Goltz’s favorite color of pearl is pistachio, and I’m completely coveting her pistachio pendant from the “Fluid” line (pictured above, top).
Yoko London’s booth was an absolute treasure trove of one-of-a-kind pearl works of art. The pearl design house has everything from trendy pearl ear jackets to major high jewelry-esque necklaces.
They have especially beautiful pink pearls, which I didn’t see being highlighted anywhere else at Centurion. Their baroque pearl cocktail rings, pictured above, hit just the right note between trendy and timeless.
Mastoloni’s team told me that long, multi-colored pearl strands are doing very well at the moment. People are responding to gradiated, ombre necklaces combining black, gray, silver and white pearls. A woman who has a classic strand of white or black Tahitian pearls and loves the look of them now wants a piece of pearl jewelry that is just as classic, but different from what she owns.
Mastoloni has exactly what she needs: a huge array of high-quality strands of pearls in various color combinations, which can be doubled up or worn long.
Todd Reed introduced his concept of gold-wrapped or -cupped gemstones at last year’s Couture show.
At Centurion he debuted a new piece, the above pearl bib necklace, which utilizes the same concept. Here, pearls in various colors are set in a “cup” of gold, which is adorned with tiny pave gemstones. Reed’s team told me the process is extremely difficult and time consuming as it’s done all by hand.
This pearl bib necklace represents a new direction for Reed.

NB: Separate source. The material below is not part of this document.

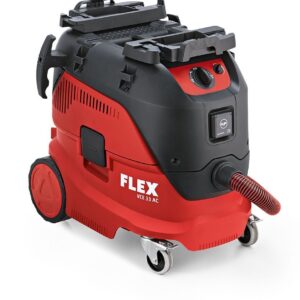Flex VCE 33 L AC Sicherheitssauger mit automatischer Filterabreinigung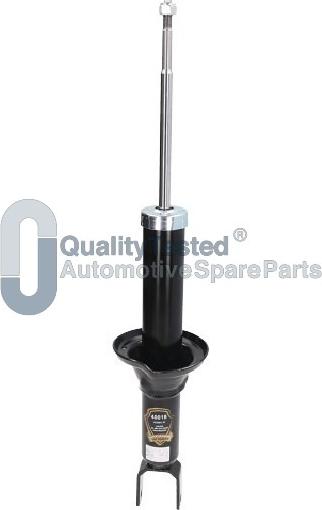 Japanparts MQ-40018 - Ammortizzatore www.autoricambi360.it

He has more demure versions of the same concept, specifically a long necklace featuring two of the gold-capped pearls, which is perfect for daily wear.
Royal Pearl is another brand that is doing well with its unique strands of pearls.
Styles featuring Keshi pearls are particularly resonating with consumers as the gemstone is inherently unique. The Royal Pearl team told me that they don’t design with trend in mine as their pearls are viewed as a lifetime purchase.
Earrings like the above are timeless, but also satisfy the current demand for fashion-oriented fine jewelry.
Designer Penny Preville works with a large variety of gemstones and truly has something for every gem fan. I spotted these cool pearl hoop earrings at her booth, which I think make the perfect update to a classic set of pearl earrings.
They capitalize on the huggie hoop trend but take it up a notch with these beautifully diamond-adorned, white, dangling pearls. These would look just as beautiful on a 90 year old as a 19 year old.
I can’t talk about what’s happening in pearls without mentioning Mikimoto.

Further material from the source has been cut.